- Genre: Comedy Romance
- Written by: Dori Pierson Marc Reid Rubel
- Directed by: Charles Braverman
- Starring: Mark Harmon Kirstie Alley Robert Vaughn Patrick Labyorteaux
- Music by: Robert Folk
- Country of origin: United States
- Original language: English

Production
- Executive producer: Leonard Hill
- Producer: Albert J. Salzer
- Cinematography: Hanania Baer
- Editor: Daniel Cahn
- Running time: 95 minutes
- Production company: Leonard Hill Films

Original release
- Network: ABC
- Release: January 20, 1986

= Prince of Bel Air =

Prince of Bel Air is a 1986 American made-for-television romantic comedy film starring Mark Harmon, Kirstie Alley, and Robert Vaughn. It first aired on ABC on January 20, 1986.

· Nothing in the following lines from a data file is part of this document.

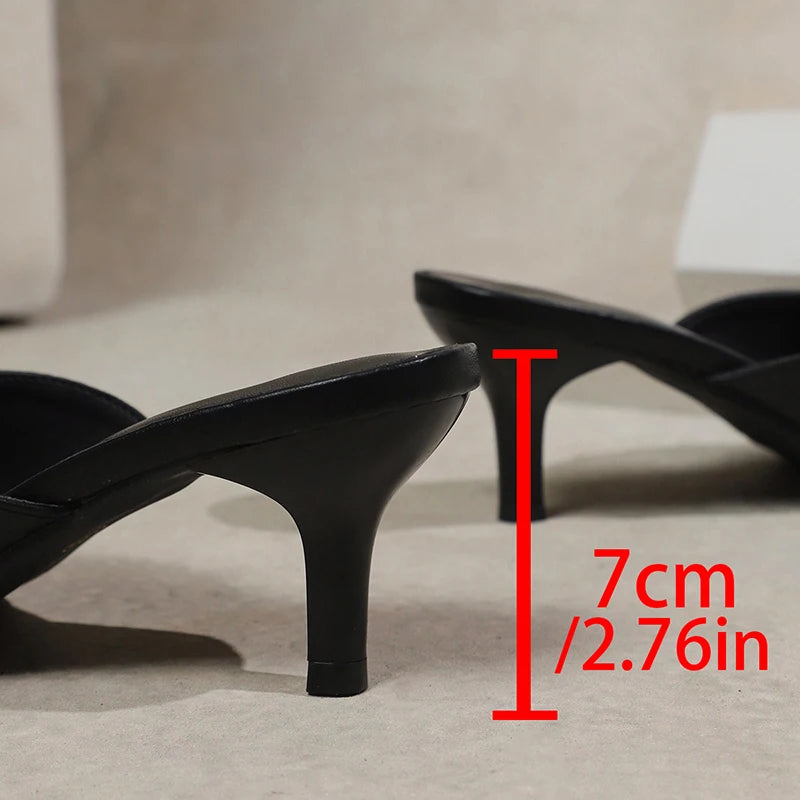 Summer Women Clip Toe High Heel Slippers Fashion Dress Slide Ladies Outdoor Evening Party Sandalias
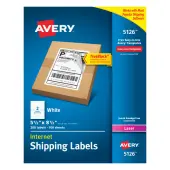 Avery® TrueBlock® White Laser Shipping Labels, Internet, 5126, 5 1/2"" x 8 1/2"", Pack Of 200
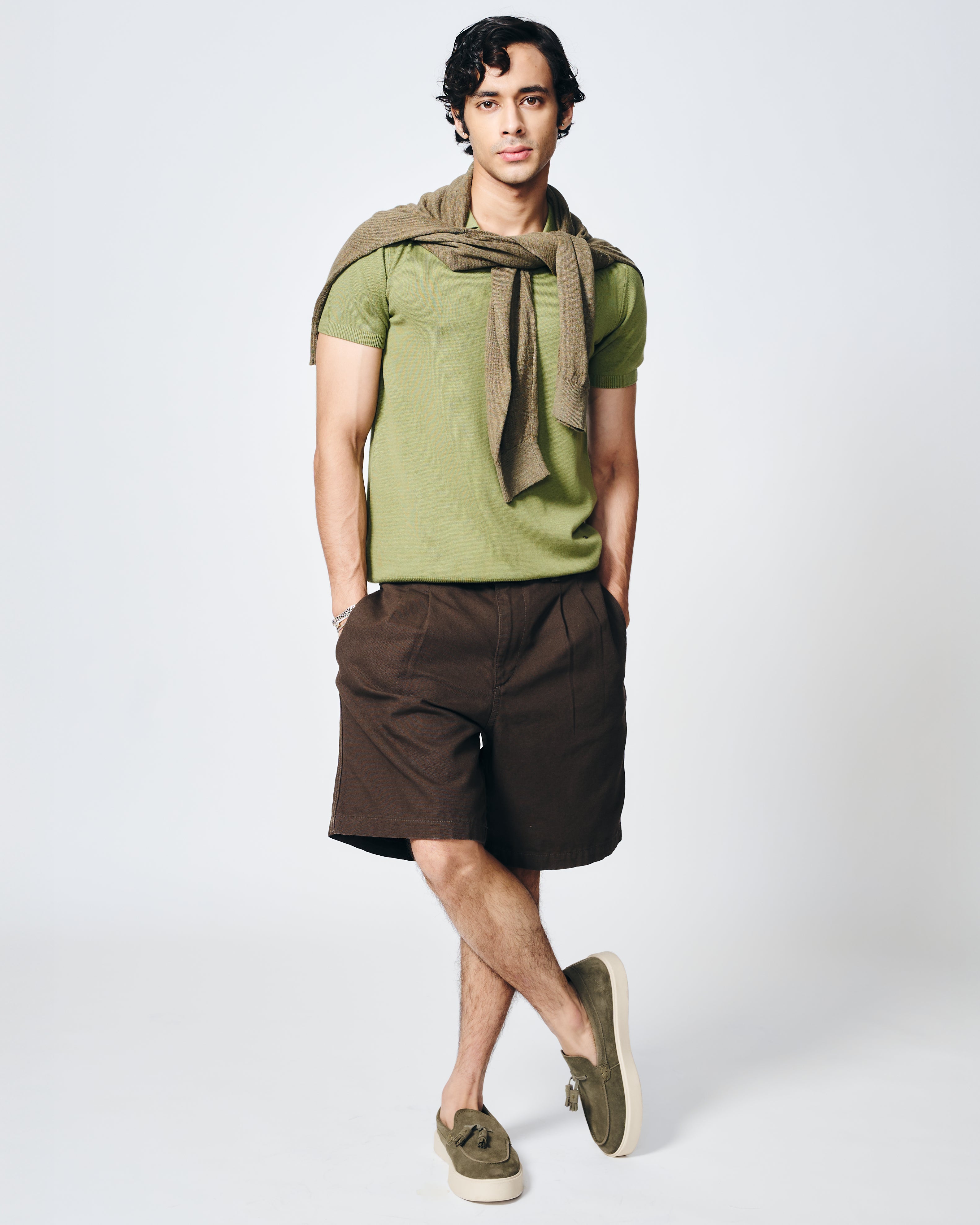 GRASS GREEN COTTON-BAMBOO U-NECK POLO T-SHIRT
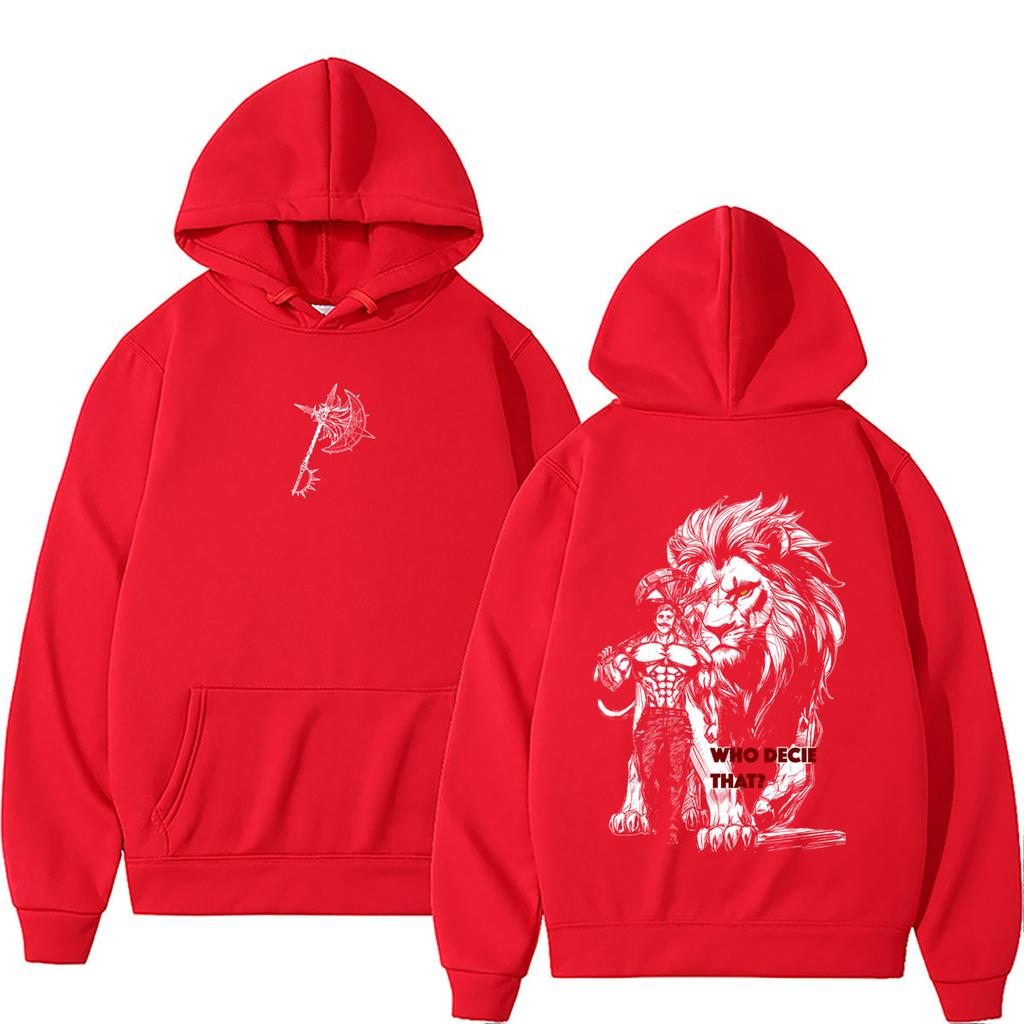 Hot Sale Anime The Seven Deadly Sins Hoodie Manga Lion's Sin of Pride Escanor Graphic Pullover Hoodies Fashion Streetwear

Harmon, Alley, Patrick Labyorteaux, and Dean Cameron reunited the following year for the theatrical film Summer School.

==Premise==
A Los Angeles pool cleaner accustomed to living a womanizing lifestyle runs into a challenge when he meets a wealthy, attractive new love interest.

==Cast==
- Mark Harmon as Robin Prince
- Kirstie Alley as Jamie Harrison
- Robert Vaughn as Stanley Auerbach
- Patrick Labyorteaux as Justin
- Bartley Braverman as Larry Kampion
- Deborah Harmon as Carol Kampion
- Katherine Moffat as Kelli
- Scott Getlin as Steve Cooper
- Michael Horton as Michael Jacobs
- Jonathan Stark as Brad Griffin
- Sherry Hursey as Sandi
- Lisanne Falk as Stacy
- Dean Cameron as Willard
- Don Swayze as Darryl
- Barbara Crampton as Anne White
- Leslie Winston as Terry White

==European version==
The version for European theatrical exhibition includes one brief scene with two actresses, Barbara Crampton and Leslie Winston, appearing topless. In the non-European version, this same scene only features Crampton without Winston but Crampton is fully clothed.

==Reception==
The film received a mostly negative critical response.